Per portare avanti questo progetto la Bioquark ha chiesto e ottenuto dal Governo americano il benestare per questa sperimentazione. Potrà, dopo aver ottenuto l’autorizzazione da parte delle famiglie, reclutare 20 pazienti, per i quali sia stato dichiarato lo stato di morte cerebrale a seguito di lesioni traumatiche.

La tecnica, che verrà utilizzata per rigenerare le cellule del cervello prevede, tra le altre, anche un’iniezione di cellule staminali.

Questa terapia, che comprende anche stimolazioni neuronali e iniezioni di peptidi, durerà alcuni mesi, duranti i quali i pazienti verranno costantemente monitorati, per verificare eventuali cambiamenti. Nel caso in cui la terapia dovesse funzionare, il cervello sarebbe come formattato e ripartirebbe da zero. La cosa è abbastanza inquietante, ma indipendente dal fatto che funzioni o meno, il dottor Ira Pastor, CEO di Bioquark ha affermato che questi studi apriranno nuove vie per capire i meccanismi della morte cerebrale e per affrontare patologie come Alzheimer, Parkinson e stati di coma vegetativo. Pastor spera di avere i primi risultati in 2-3 mesi di tempo.

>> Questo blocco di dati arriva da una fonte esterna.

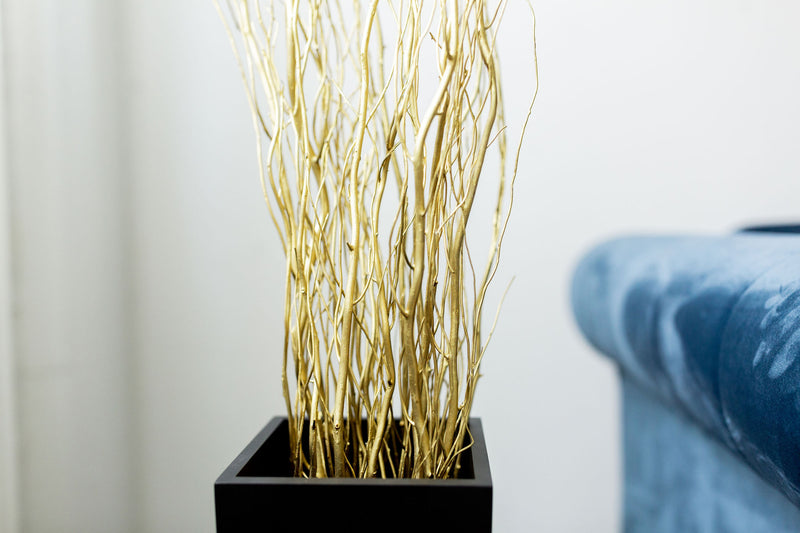 Gold Dried Curly Willow Branches (Long Stem)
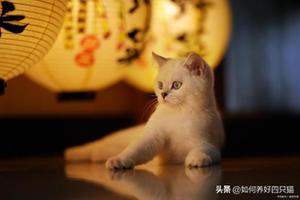 如何打了猫咪会恨主人吗（猫是一种非常记仇的生物）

Cosa sono le cellule staminali?

Nell’esperimento della Bioquark giocano un ruolo importante le cellule staminali. I ricercatori hanno scoperto come queste riescano a chiarire i meccanismi che portano all’insorgere di alcune malattie.

Osservando come queste si trasformano in cellule mature è possibile capire cosa interviene e porta al presentarsi di alcune patologie.

Le cellule staminali sane possono essere usate per curare certi tipi di malattie. È possibile guidarle per farle trasformare in cellule specifiche, che vanno a riparare tessuti malati. Per questo motivo, vengono utilizzate spesso nella medicina rigenerativa.

Questa tipologia di cellule viene usata anche per testare la sicurezza di farmaci sperimentali, per valutarne soprattutto la tossicità cardiaca. Le cellule andranno programmate in base alle cellule specifiche su cui si ha bisogno di effettuare il test. Ad esempio, si possono generare cellule nervose, per testare un nuovo farmaco per qualche malattia nervosa e verificare che questo non possa provocare danni.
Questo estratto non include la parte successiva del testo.